*** Opening of Data in this exercise ***

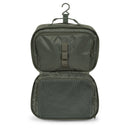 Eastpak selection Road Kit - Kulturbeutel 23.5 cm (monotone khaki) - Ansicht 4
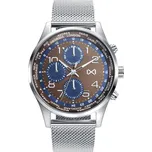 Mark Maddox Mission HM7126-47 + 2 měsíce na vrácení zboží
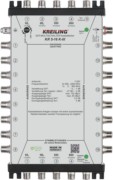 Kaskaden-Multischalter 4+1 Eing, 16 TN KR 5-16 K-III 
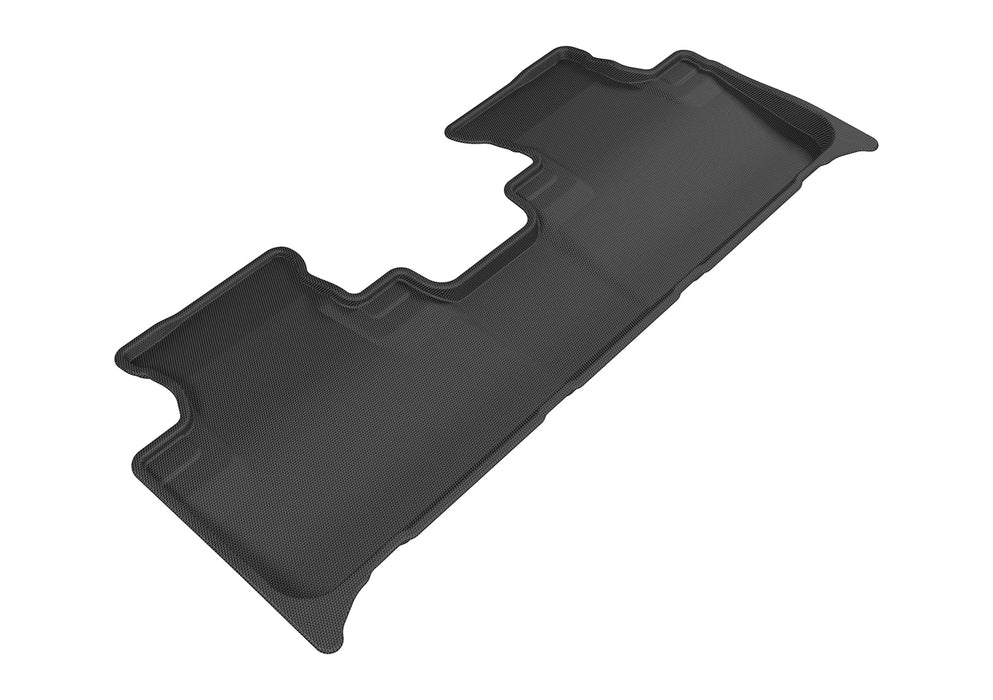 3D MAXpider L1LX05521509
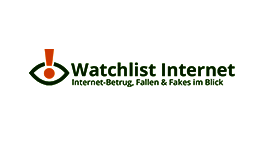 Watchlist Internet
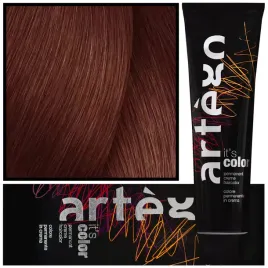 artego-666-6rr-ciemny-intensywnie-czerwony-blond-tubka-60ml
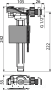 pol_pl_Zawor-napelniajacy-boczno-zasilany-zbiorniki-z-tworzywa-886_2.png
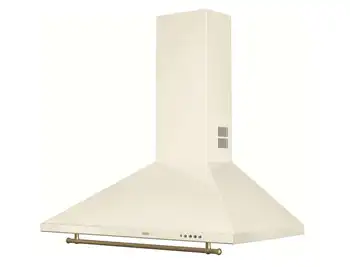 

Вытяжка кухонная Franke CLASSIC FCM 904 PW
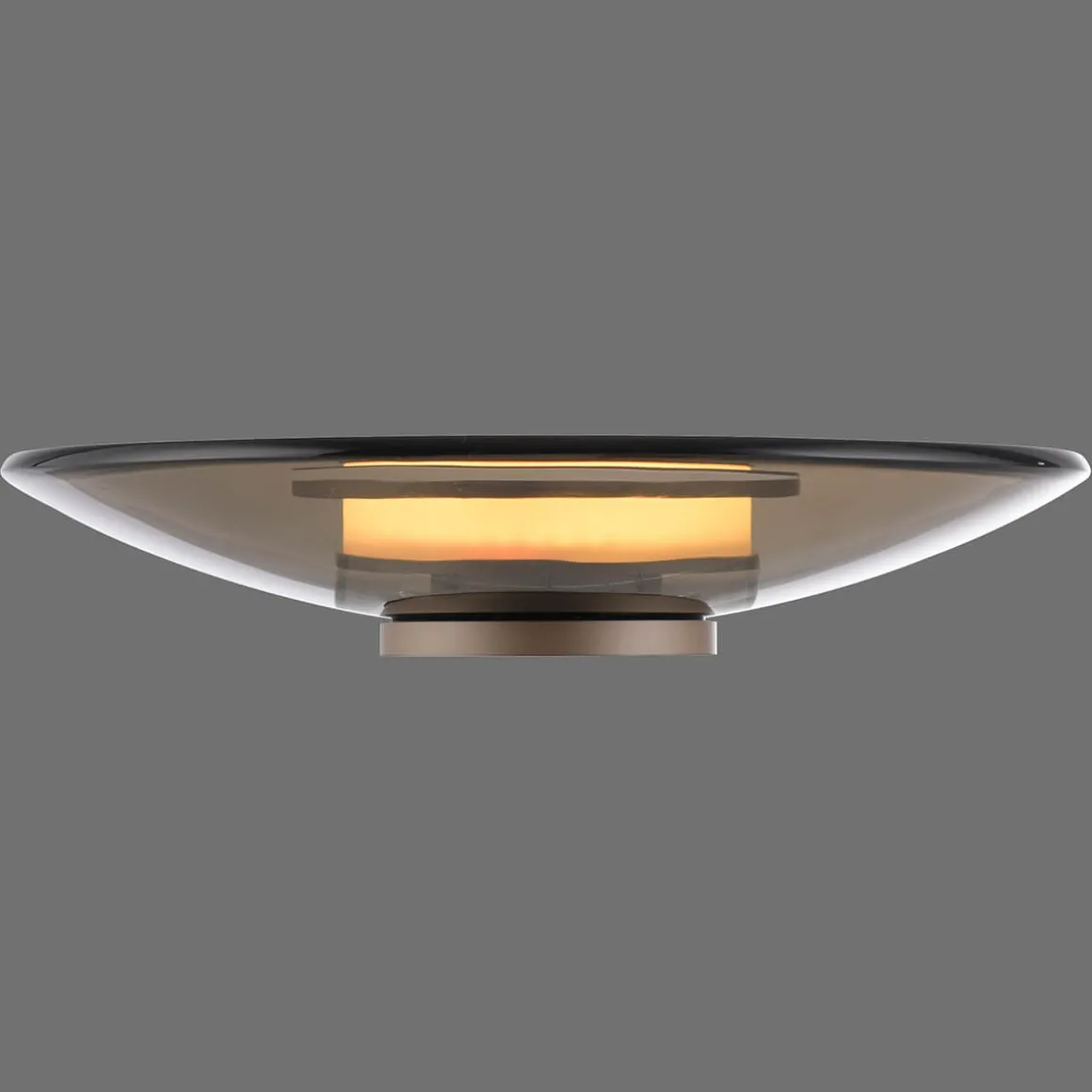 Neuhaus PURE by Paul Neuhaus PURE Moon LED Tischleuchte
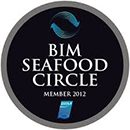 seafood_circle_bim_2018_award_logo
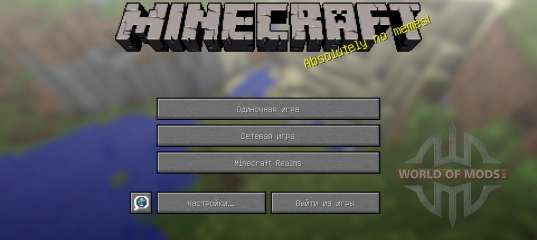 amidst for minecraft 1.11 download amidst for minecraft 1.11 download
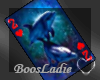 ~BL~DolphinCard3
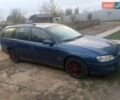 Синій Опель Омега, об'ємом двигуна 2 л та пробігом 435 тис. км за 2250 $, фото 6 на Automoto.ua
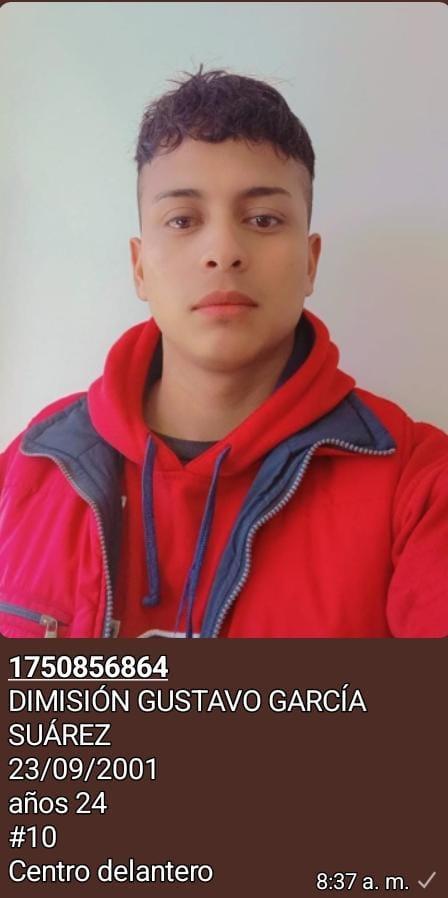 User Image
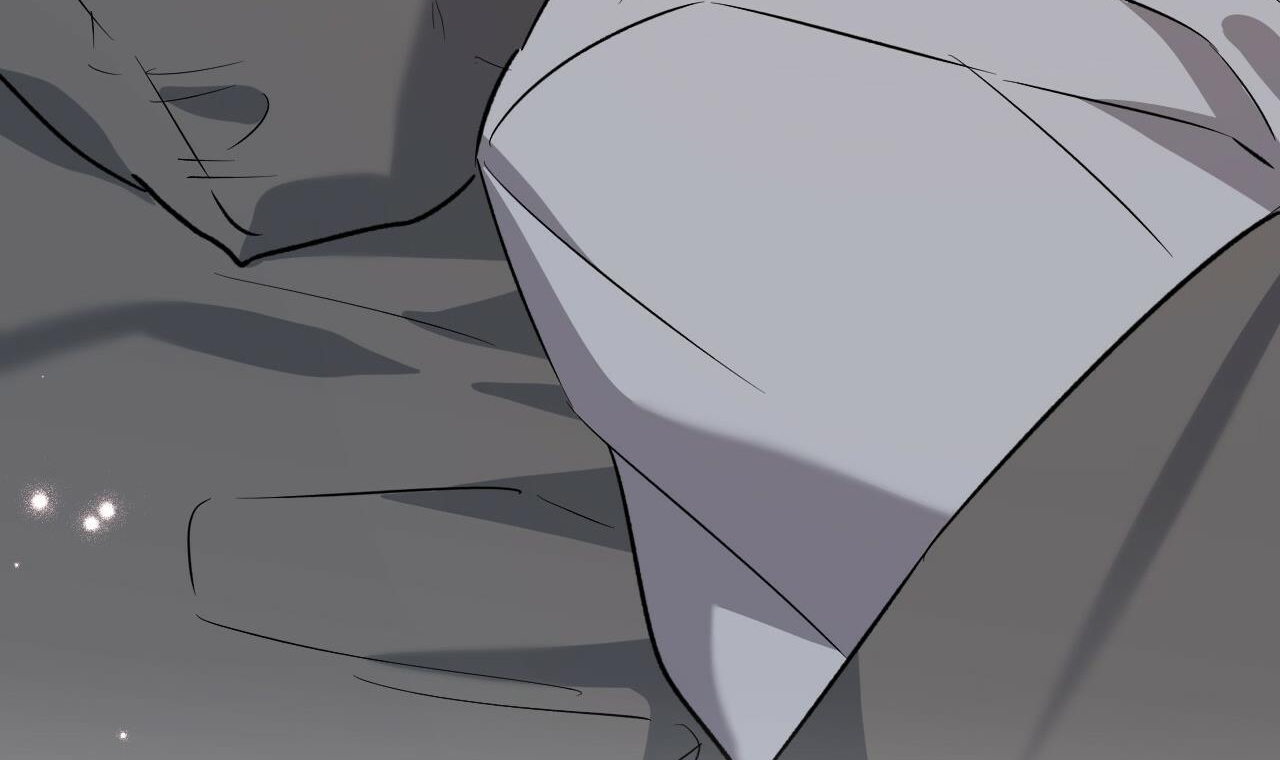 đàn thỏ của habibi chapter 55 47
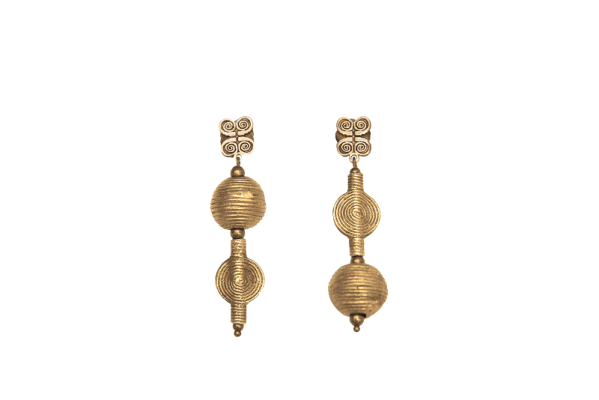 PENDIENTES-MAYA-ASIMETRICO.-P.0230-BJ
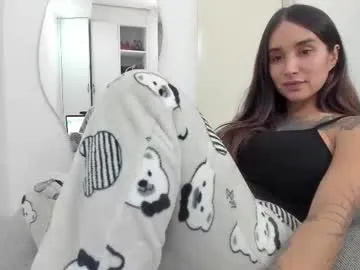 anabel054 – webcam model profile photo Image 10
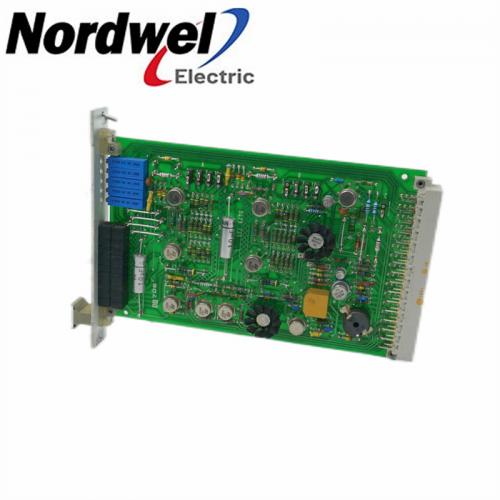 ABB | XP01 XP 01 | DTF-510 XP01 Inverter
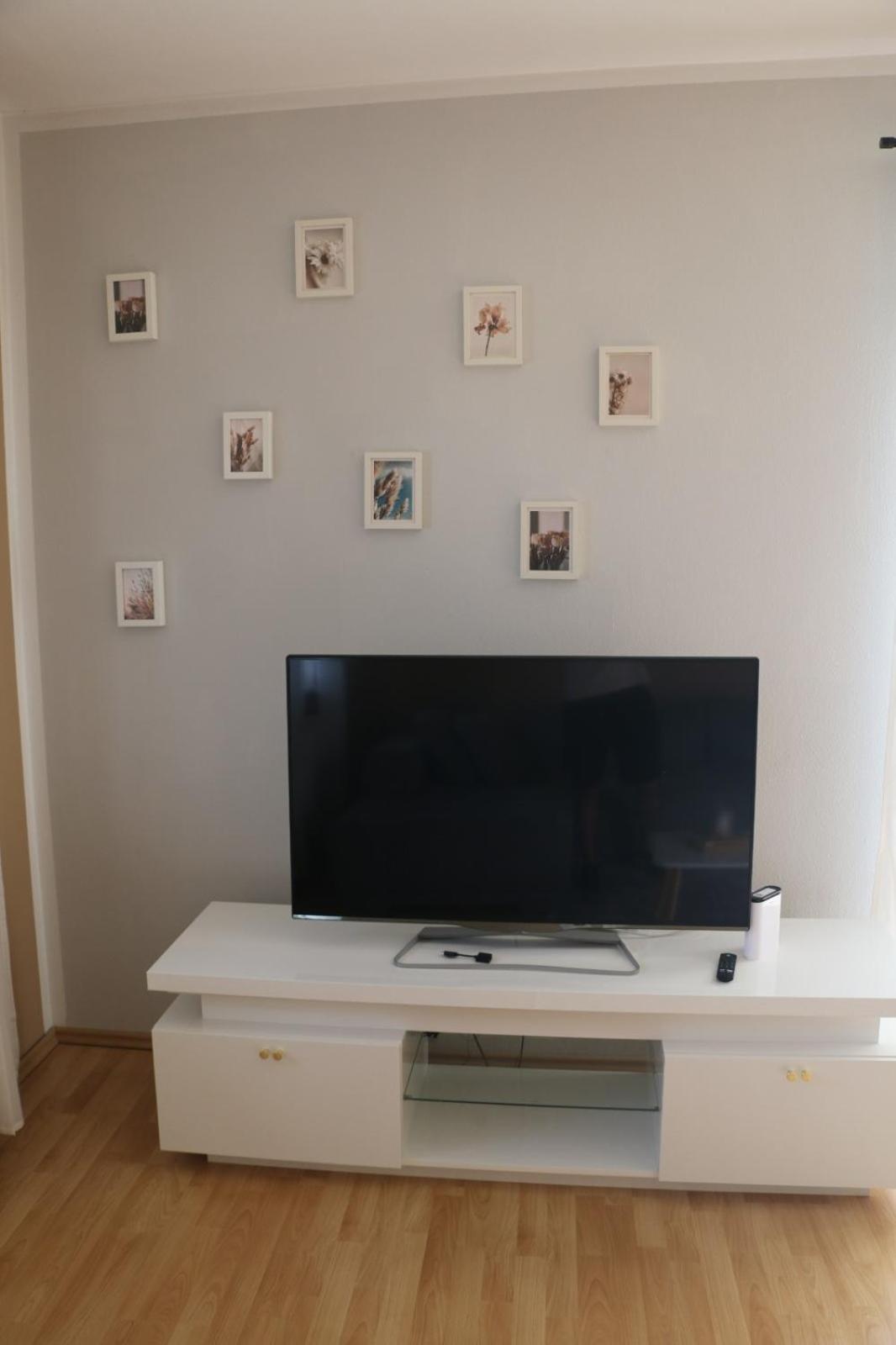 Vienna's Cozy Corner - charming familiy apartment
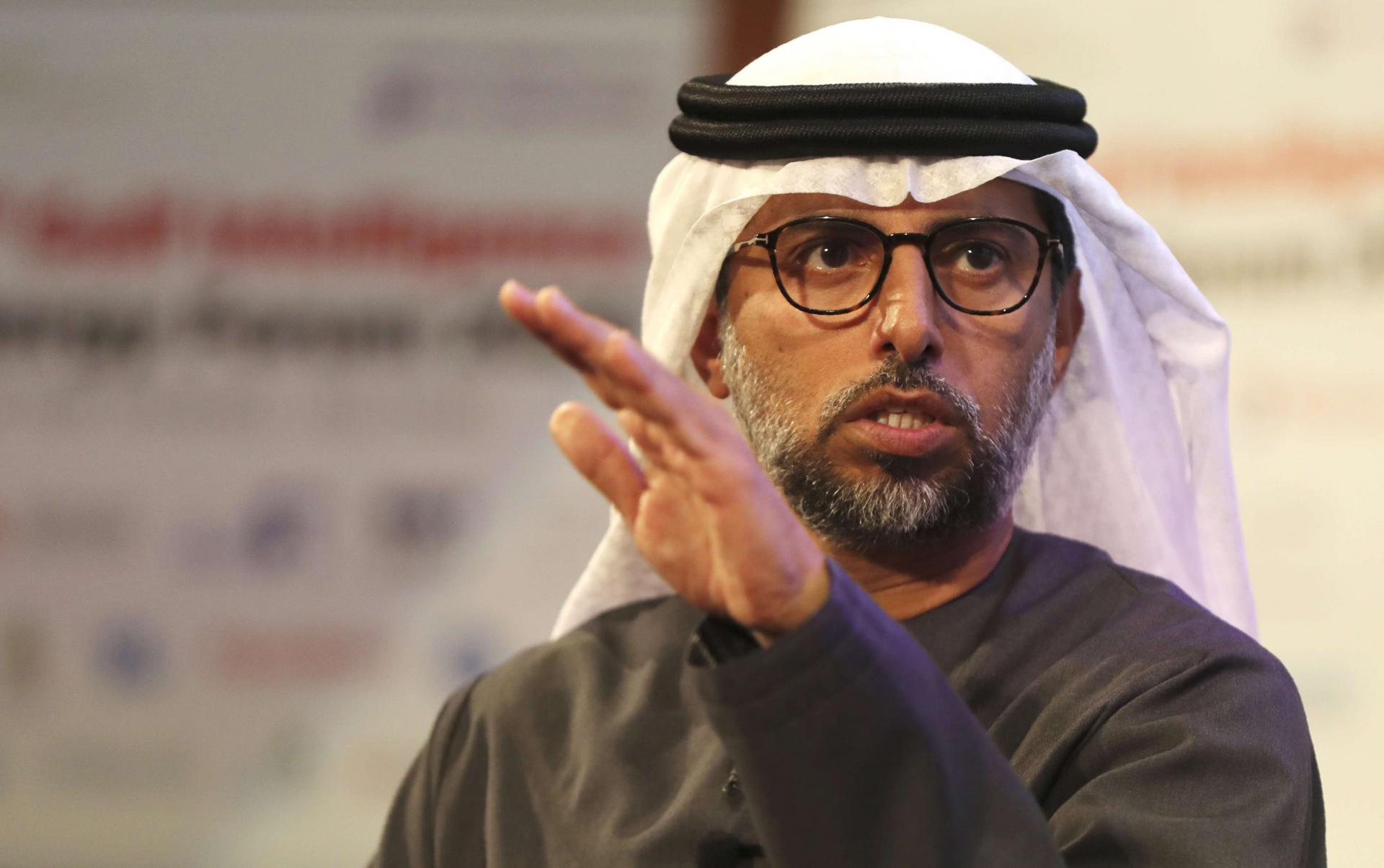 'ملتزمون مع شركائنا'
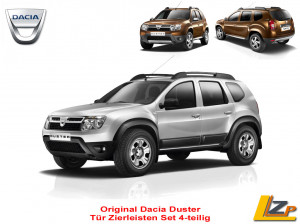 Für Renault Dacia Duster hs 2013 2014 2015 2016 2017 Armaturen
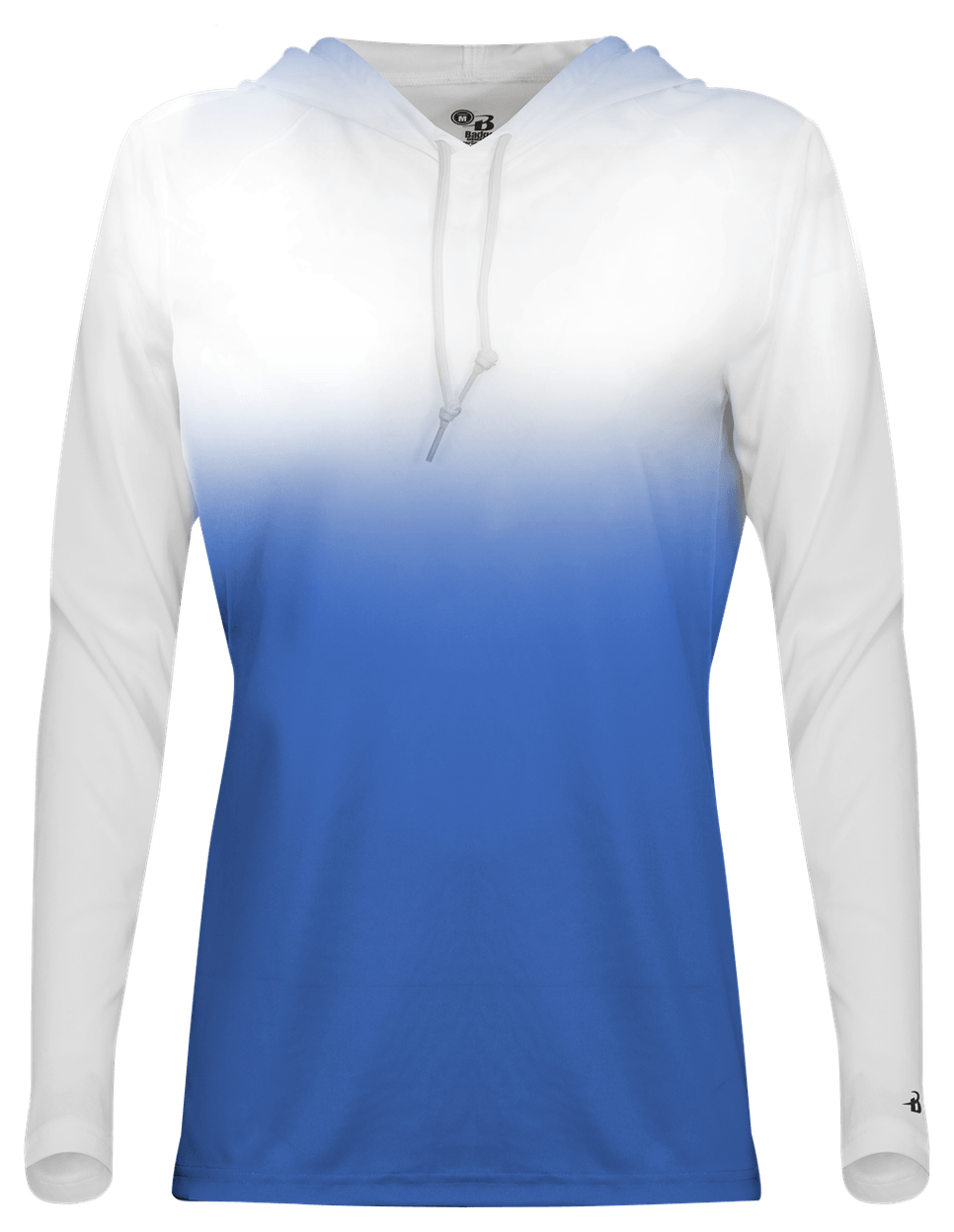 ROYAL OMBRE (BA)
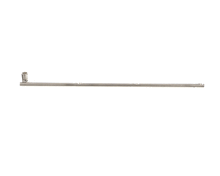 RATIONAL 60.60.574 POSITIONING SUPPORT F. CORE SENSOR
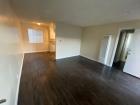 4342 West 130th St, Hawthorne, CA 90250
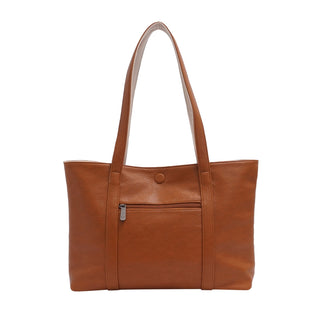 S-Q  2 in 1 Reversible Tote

*** Close of Data in this exercise ***

Work instructions =
Please print an exact copy of the records, with no pictures.

Solution to this exercise =
 Eastpak selection Road Kit - Kulturbeutel 23.5 cm (monotone khaki) - Ansicht 4
 Mark Maddox Mission HM7126-47 + 2 měsíce na vrácení zboží
 Kaskaden-Multischalter 4+1 Eing, 16 TN KR 5-16 K-III 
 3D MAXpider L1LX05521509
 Watchlist Internet
 artego-666-6rr-ciemny-intensywnie-czerwony-blond-tubka-60ml
 pol_pl_Zawor-napelniajacy-boczno-zasilany-zbiorniki-z-tworzywa-886_2.png

Вытяжка кухонная Franke CLASSIC FCM 904 PW
 Neuhaus PURE by Paul Neuhaus PURE Moon LED Tischleuchte
 seafood_circle_bim_2018_award_logo
 amidst for minecraft 1.11 download amidst for minecraft 1.11 download
 ~BL~DolphinCard3
 Синій Опель Омега, об'ємом двигуна 2 л та пробігом 435 тис. км за 2250 $, фото 6 на Automoto.ua
 User Image
 đàn thỏ của habibi chapter 55 47
 PENDIENTES-MAYA-ASIMETRICO.-P.0230-BJ
 anabel054 – webcam model profile photo Image 10
 ABB | XP01 XP 01 | DTF-510 XP01 Inverter
 Vienna's Cozy Corner - charming familiy apartment
 'ملتزمون مع شركائنا'
 Für Renault Dacia Duster hs 2013 2014 2015 2016 2017 Armaturen
 ROYAL OMBRE (BA)
 RATIONAL 60.60.574 POSITIONING SUPPORT F. CORE SENSOR
 4342 West 130th St, Hawthorne, CA 90250
 S-Q  2 in 1 Reversible Tote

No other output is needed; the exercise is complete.